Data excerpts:
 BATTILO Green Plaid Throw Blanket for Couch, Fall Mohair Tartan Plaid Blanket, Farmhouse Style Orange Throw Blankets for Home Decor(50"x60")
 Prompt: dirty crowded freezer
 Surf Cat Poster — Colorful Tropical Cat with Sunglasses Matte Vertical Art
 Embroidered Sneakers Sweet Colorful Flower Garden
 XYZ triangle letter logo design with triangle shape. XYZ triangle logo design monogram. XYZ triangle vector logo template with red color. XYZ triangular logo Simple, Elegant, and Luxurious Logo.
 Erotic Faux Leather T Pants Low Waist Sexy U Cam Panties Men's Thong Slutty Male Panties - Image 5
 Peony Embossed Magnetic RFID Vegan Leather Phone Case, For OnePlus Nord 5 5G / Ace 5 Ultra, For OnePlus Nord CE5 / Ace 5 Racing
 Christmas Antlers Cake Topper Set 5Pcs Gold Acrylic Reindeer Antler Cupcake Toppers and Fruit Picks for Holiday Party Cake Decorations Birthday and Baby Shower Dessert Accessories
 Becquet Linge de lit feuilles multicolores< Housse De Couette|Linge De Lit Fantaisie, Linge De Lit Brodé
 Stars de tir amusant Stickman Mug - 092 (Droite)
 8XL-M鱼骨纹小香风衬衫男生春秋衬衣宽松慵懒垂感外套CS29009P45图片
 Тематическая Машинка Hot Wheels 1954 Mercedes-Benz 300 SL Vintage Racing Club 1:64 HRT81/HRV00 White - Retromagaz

# [WHAT THE TASK REQUIRES]
Set down again, word for word, the stretch of records from the line with "Prompt: dirty crowded freezer" to the line with "Erotic Faux Leather", both of those lines included.

# [RESULT OF THE EXERCISE]
 Prompt: dirty crowded freezer
 Surf Cat Poster — Colorful Tropical Cat with Sunglasses Matte Vertical Art
 Embroidered Sneakers Sweet Colorful Flower Garden
 XYZ triangle letter logo design with triangle shape. XYZ triangle logo design monogram. XYZ triangle vector logo template with red color. XYZ triangular logo Simple, Elegant, and Luxurious Logo.
 Erotic Faux Leather T Pants Low Waist Sexy U Cam Panties Men's Thong Slutty Male Panties - Image 5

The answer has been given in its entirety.